Has internet regulation already begun with Feminist Coalition?

There has been much fuss about social media regulation and webspace restriction for some time now but the climax was reached during the #EndSARS protests as speculations were rife that the government would shut down microblogging platform, Twitter, which played host to the hashtag trend which later translated into physical demonstration across the country.

However, despite the rumours, nothing materialised during the protests. The only time Twitter was inaccessible for Nigerians was when the #EndSARS emoji was to be introduced. Yet, conversations among political leaders continued as governors of the northern states held a meeting where they voiced their support for social media regulation.

Public backlash followed the deliberation of the northern leaders with many telling them to pay more attention to their perennial security challenge.

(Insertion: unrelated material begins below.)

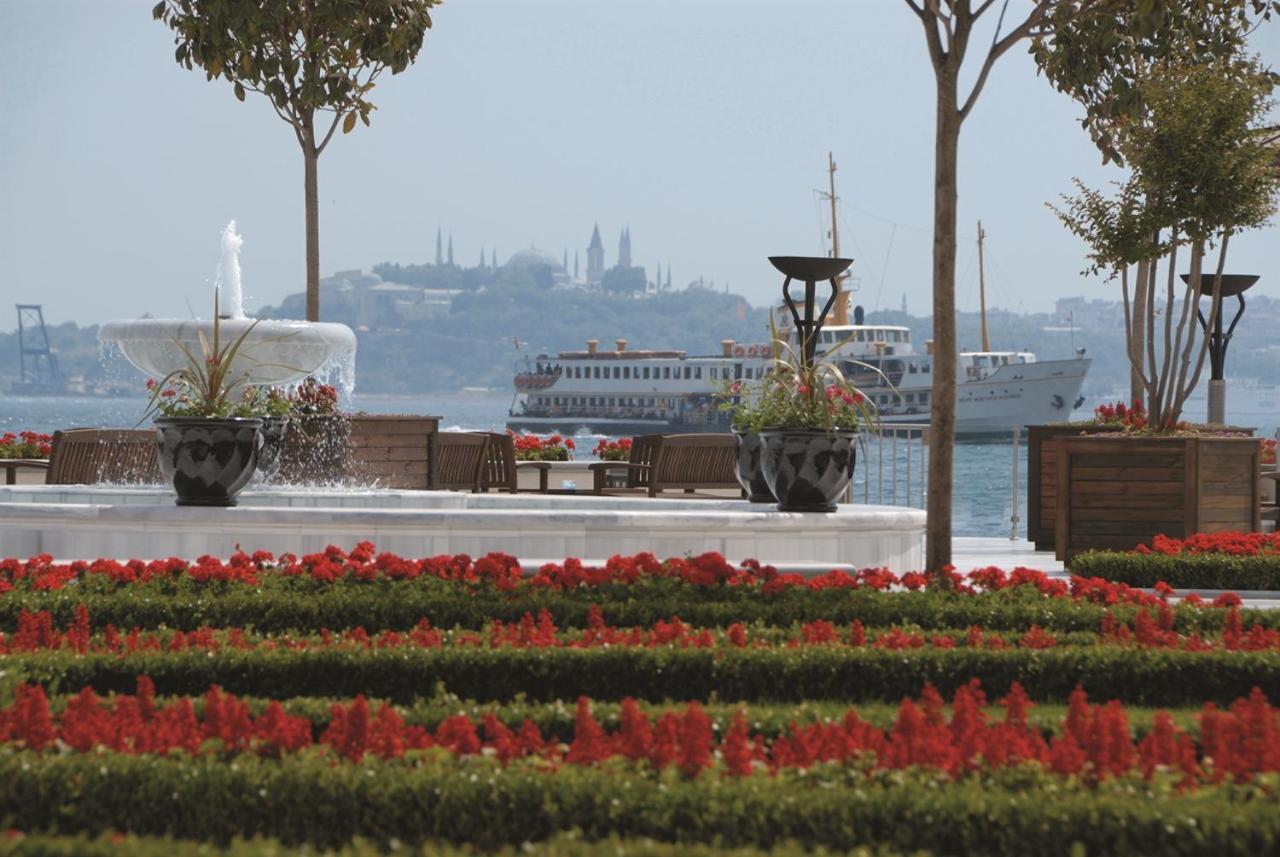 FOUR SEASONS HOTEL ISTANBUL AT THE BOSPHORUS — ISTANBUL — fotografie hotel nr. 26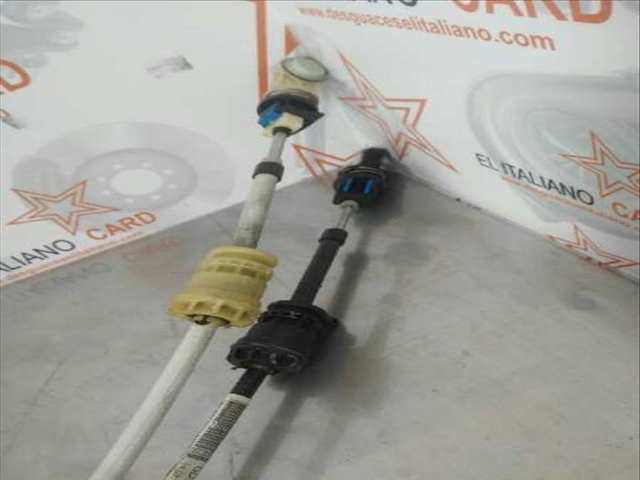 Foto 2ª: Palanca de Cambio Opel Insignia COSMO BERLINA 131CV 96KW [A20DTH] (2010)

Despite the heavy criticism, the regulation discourse continued when the federal government said it would go ahead with social media regulation, with Information Minister, Lai Mohammed, citing arson and looting as consequences of social media liberty.

It would now appear that the government is making good on its word as reports are growing that the website of Feminist Coalition, the humanitarian group which was a key figure during the #EndSARS protests and managed donations made across the globe, is currently inaccessible to residents in Nigeria.

Those who have been able to access the website were able to do so through virtual private network (VPN). VPN acts as an intermediary which allows users to bypass restrictions and until they reach the desired web destination.

More importantly, the latest apparent restriction on Feminist Coalition’s website continues the spate of attack on #EndSARS protesters. Without taking #LekkiShootings into consideration, bank accounts have been frozen, passports seized, youths arrested and court orders obtained just to silence youths that have acted within the confines of the law.

With this, it is a logical indication that the regulation of social media and the internet at large is not far behind. For a government that should be upholding the tenets of democracy and constitutionally enshrined liberties such as the rights to life, association, expression and privacy, it is baffling to many Nigerians that such measures are being thought of, let alone being implemented.

With the country battling a second recession in five years, and the worst in four decades, social media regulation, even with its anti-democratic implication, should have been the least on the minds of those at the helm but Nigerians continue to face hard times on more ends than they would have desired.